The shetani sculptures from Mozambique differed from those in Tanzania; the latter were more sexually explicit and grotesque, being solely for the foreign tourist market. Stephen sees the more "puritanical" shetani of FRELIMO carvers as a direct result of FRELIMO's position against all forms of sexism and racism. The FRELIMO philosophy also mitigated or "tamed" the influence of the male masquerade mapico (mapiko), which came to be seen as essentially oppressive to women. The mapico was "liberated" and became a cultural symbol for Mozambique; it is danced on national days and has even appeared on a postage stamp.
Stout, J. Anthony. Modern Makonde sculpture / foreword by Elimo Njau. Nairobi: Kibo Art Gallery Publications, 1966. xviii, 121pp. illus., map, notes, bibliog. NB1097.A35S8 AFA. OCLC 1020281.
A pioneering book on Makonde sculpture, originally intended to accompany a 1965 exhibition in Kilimanjaro, Tanzania, Modern Makonde sculpture documents the collection of Anthony Stout, acquired between 1958 and 1965 in Dar es Salaam and Nairobi. In his essay Stout dwells at length on the economics of Makonde sculpture and the market relationships of the sculptors and middlemen, already a concern in 1966. He provides long descriptive captions for the sculptures illustrated. Multiple views and detail photographs are included. Stout concludes with an essay on "Sculpture suggestive of magic practices and the ritual use of drugs." Looking back at these Makonde sculptures of thirty-odd years ago offers an instructive baseline from which to assess subsequent developments.

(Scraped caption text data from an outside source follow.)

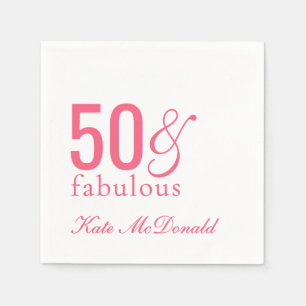 Servilleta De Papel Fiesta de cumpleaños número 50 moderna y fabulosa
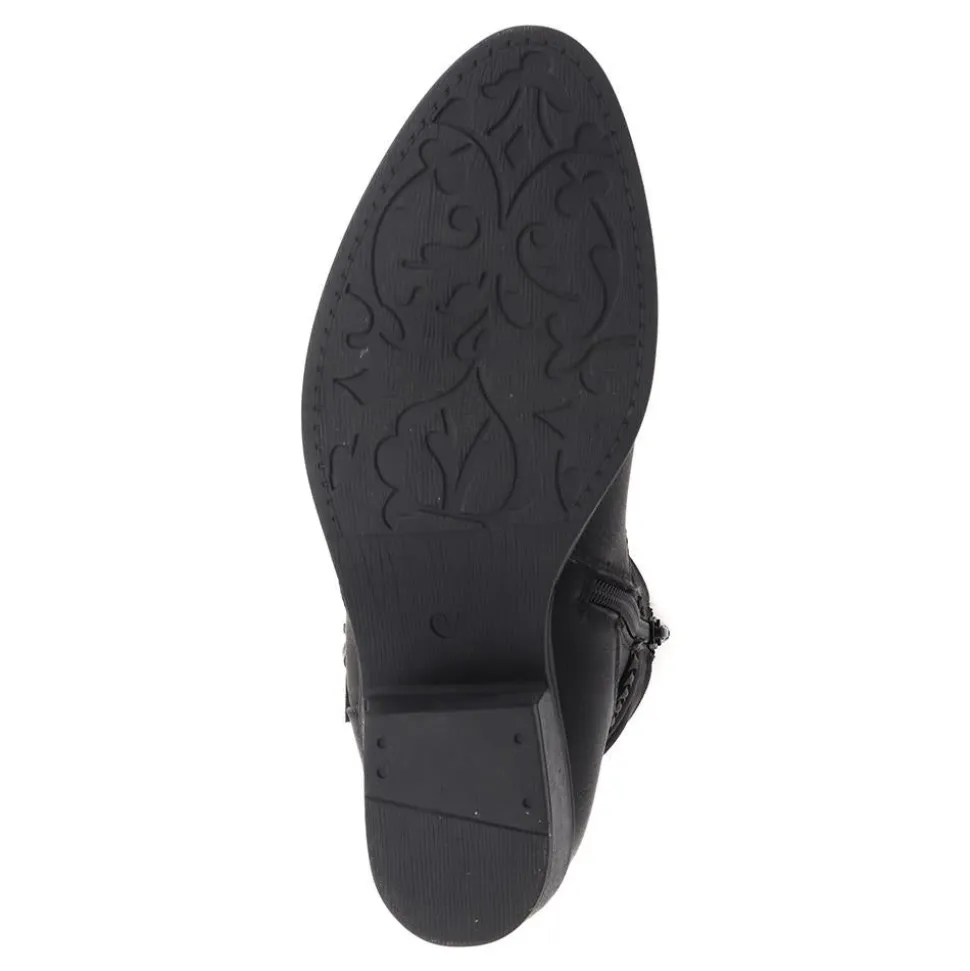 Buckle-Detailed Ankle Boots - Black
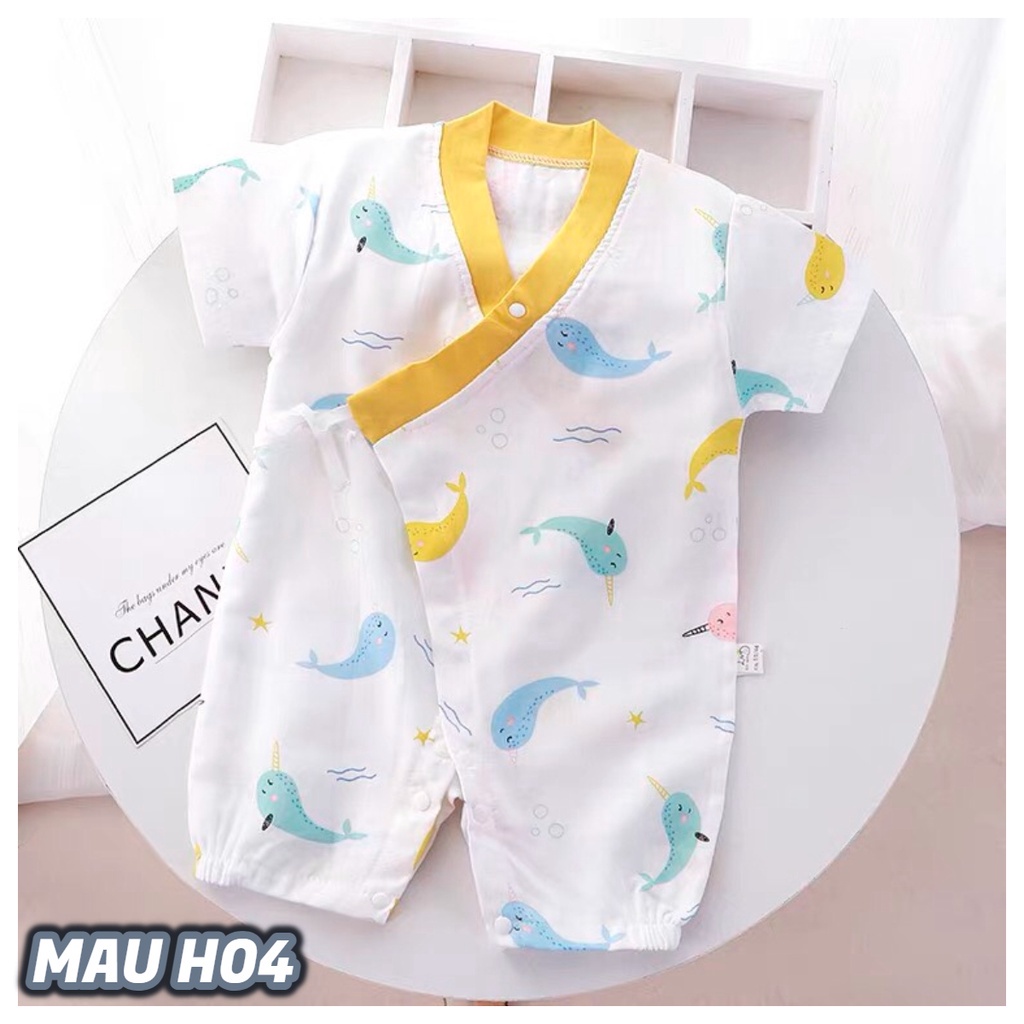 Bộ body ngắn tay bodysuit, Bộ body cộc chất cotton cho bé trai bé gái sơ sinh mẫu dây buộc Kiến Baby Store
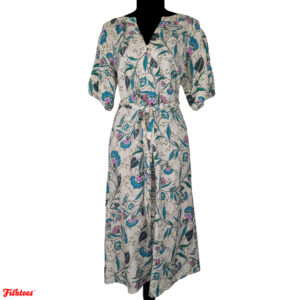 Loft Canvas Caftan Kaftan Floral Patterned Midi V Neck Dress Thrift Fishtoes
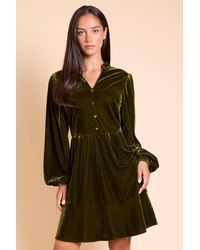 Dorothy Perkins - Button Front Collar Velvet Mini Dress - Lyst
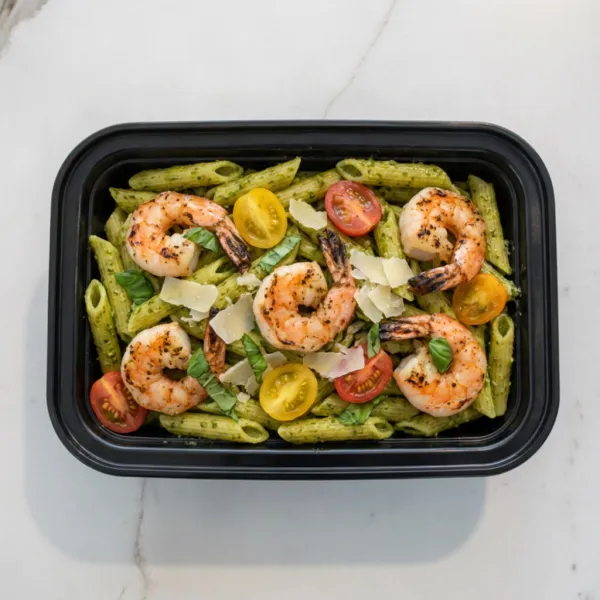 D — Pasta ao Pesto com Camarão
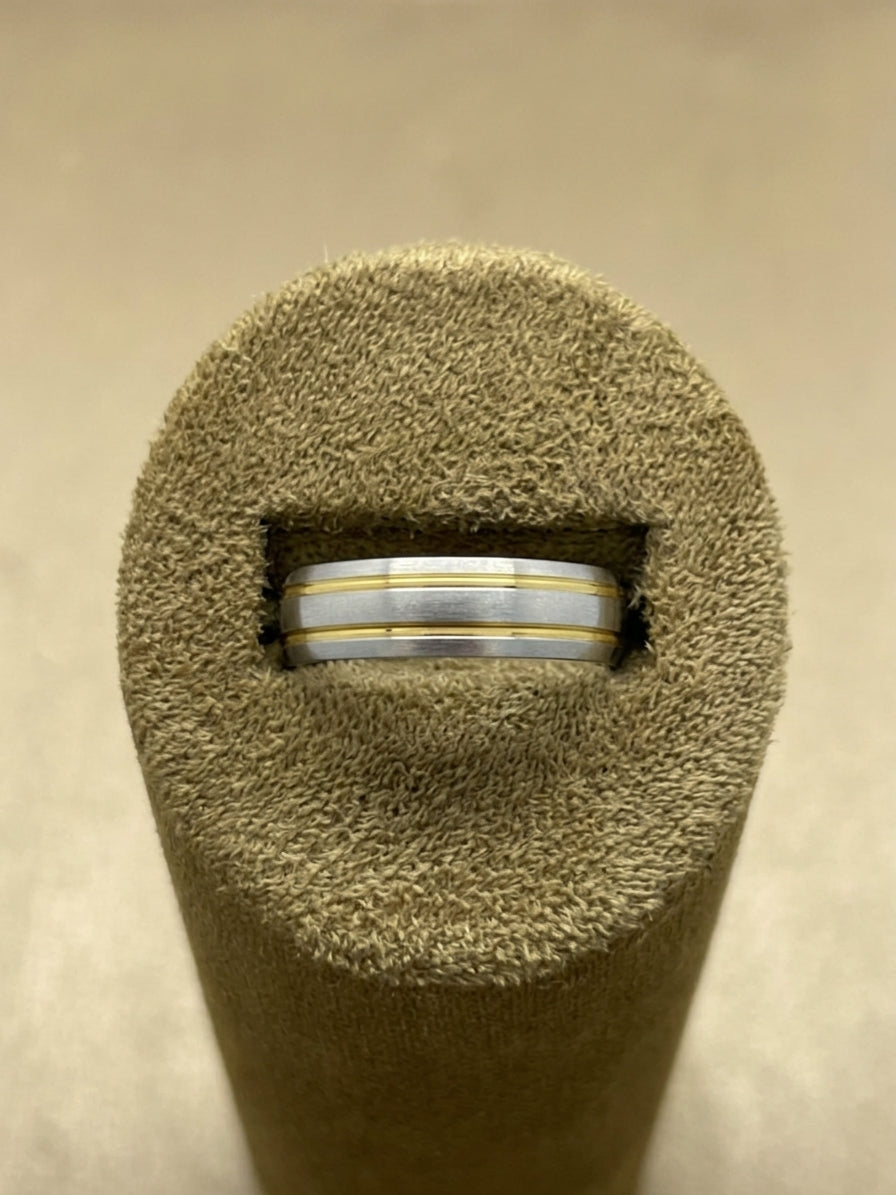 Handmade Two-Tone 18k White & Yellow Gold Striped 6mm Wedding Band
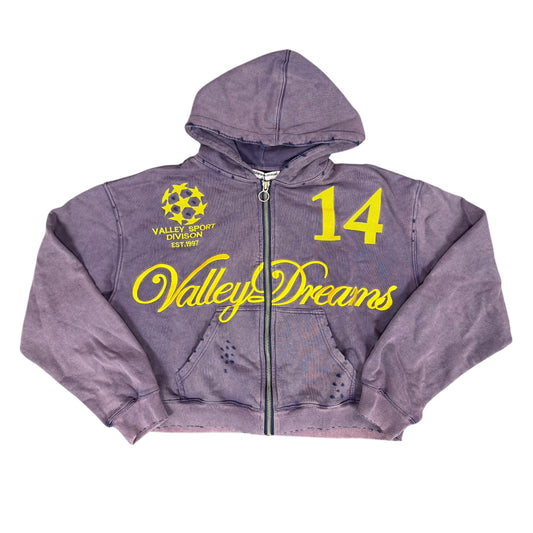 NEW Vale Lives Purple/Yellow Zip Hoodie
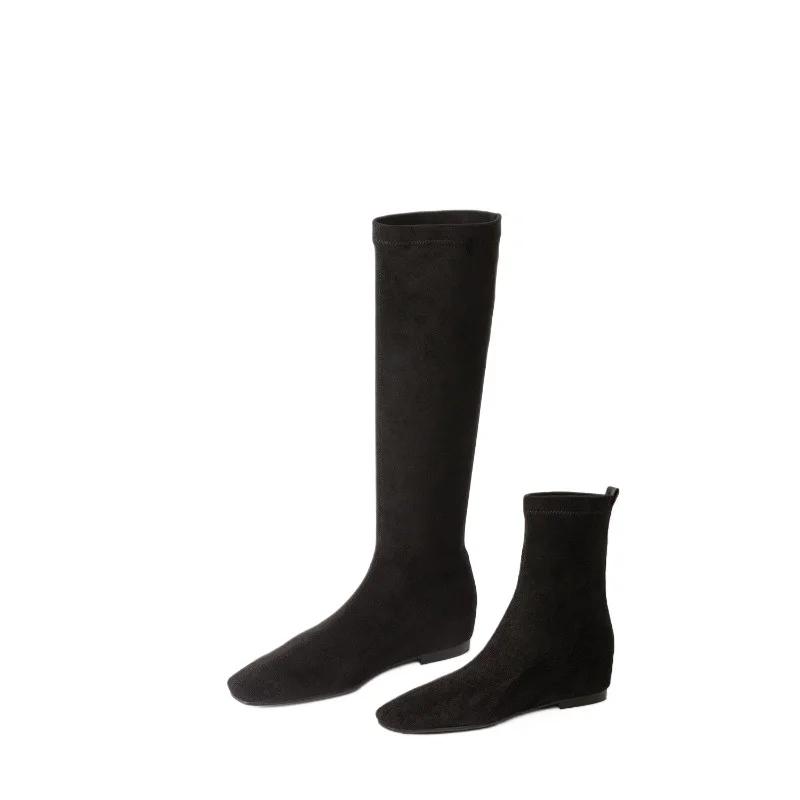 2024 Pantofi noi de damă Ghete de damă până la genunchi Ghete moderne concise pentru femei, cusut cu vârfuri pătrate, pantofi cu slip on la jumătatea gambei, pentru femei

Wooden sculpture from East Africa from the Malde collection; [exhibition held at the Museum of Modern Art, Oxford, 2 April-21 May 1989] / foreword by David Elliott. Oxford: Museum of Modern Art, 1989. 48pp. illus., map, bibliog. qNB1097.A35W88 1989 AFA. OCLC 19864947.
This exhibition and its catalog are important for three reasons. One, the venue of the exhibition itself at the Museum of Modern Art in Oxford marks the first time Makonde art has been shown (in Britain) as contemporary art in a museum devoted to modern art. Secondly, it is a collection assembled by a couple living in Tanzania, who knew many of the artists and who were collecting actively from 1942 until 1968; so it reflects a particular historical period before the great commercialization of Makonde art. Thirdly, the exhibition and catalog, particularly the essays by Coote and Stephen, raise a number of important issues about perceptions, preconceptions, ethnocentricism and about art and politics. This exhibition also sparked a lively debate in the art press. See Chambers, Coote, and Elliott, above.